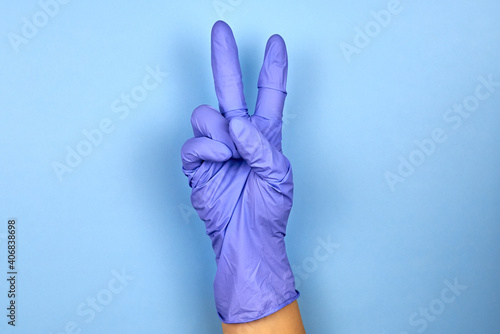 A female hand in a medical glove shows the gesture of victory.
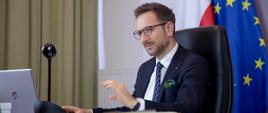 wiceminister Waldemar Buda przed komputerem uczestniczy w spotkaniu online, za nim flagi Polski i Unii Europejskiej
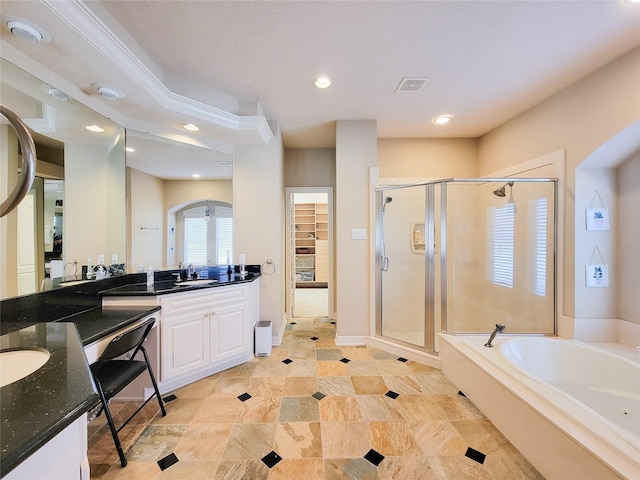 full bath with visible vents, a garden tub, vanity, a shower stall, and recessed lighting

--

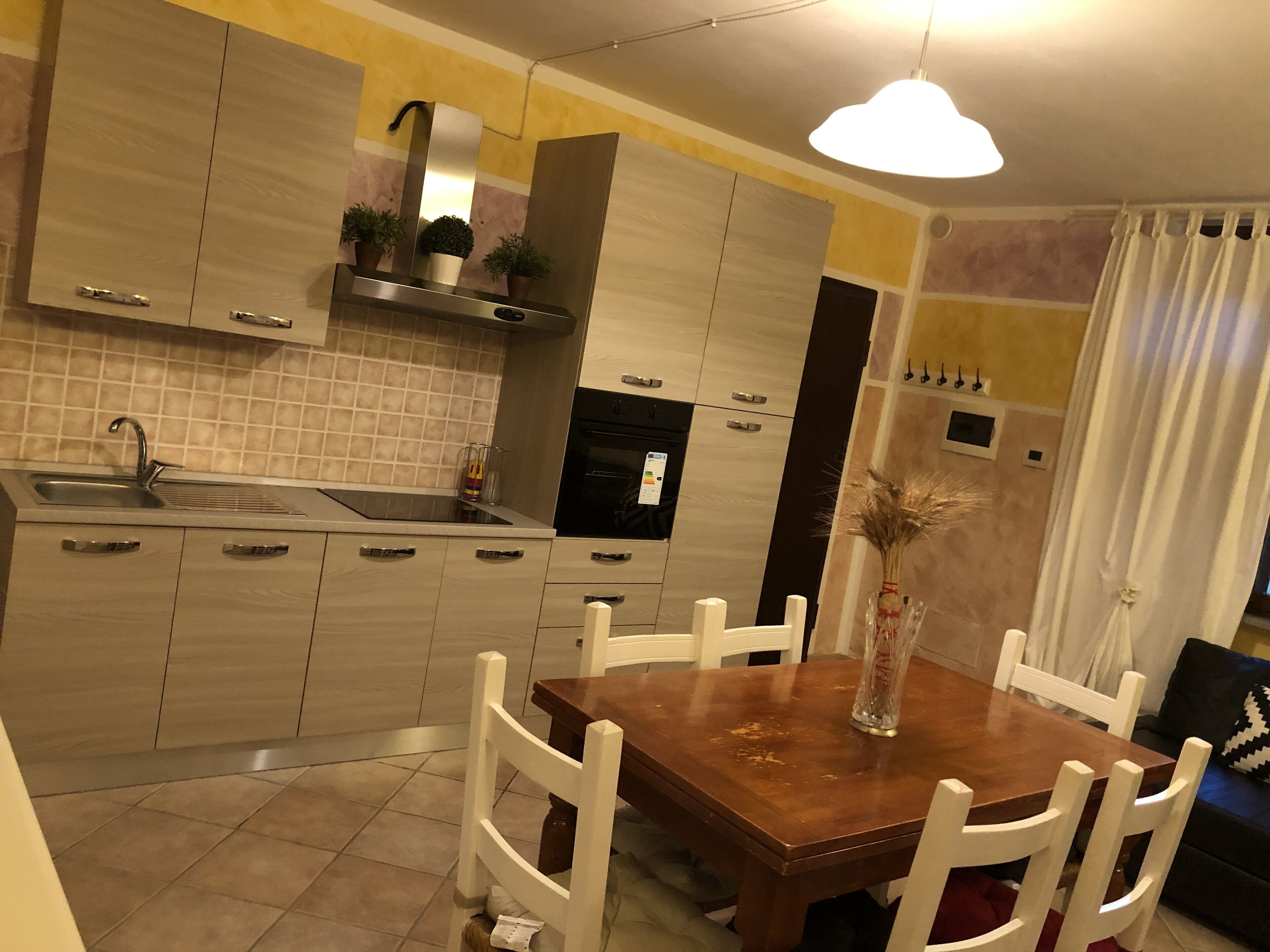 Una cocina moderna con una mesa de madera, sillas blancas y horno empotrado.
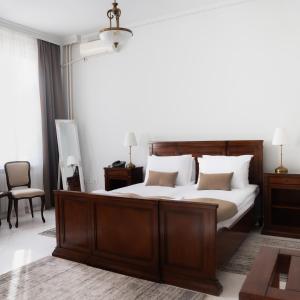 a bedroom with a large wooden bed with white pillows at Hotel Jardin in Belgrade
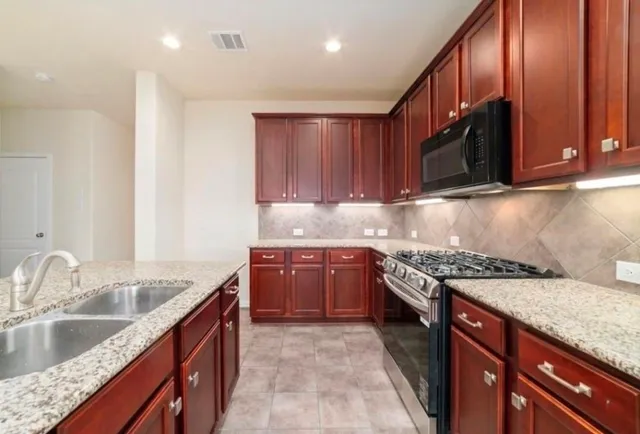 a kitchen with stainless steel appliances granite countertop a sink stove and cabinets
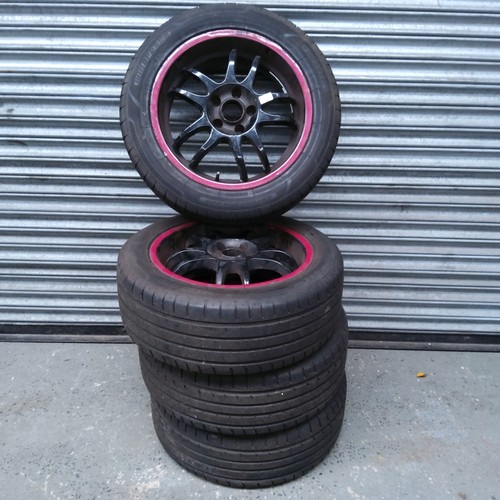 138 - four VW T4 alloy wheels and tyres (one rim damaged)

_Exercise_
Would you print exactly the lines in the listing above, from the line bearing "Una cocina moderna" through the line bearing "138 - four VW", leaving out all pictures?

_Task result_
 Una cocina moderna con una mesa de madera, sillas blancas y horno empotrado.
 a bedroom with a large wooden bed with white pillows at Hotel Jardin in Belgrade
 a kitchen with stainless steel appliances granite countertop a sink stove and cabinets
 138 - four VW T4 alloy wheels and tyres (one rim damaged)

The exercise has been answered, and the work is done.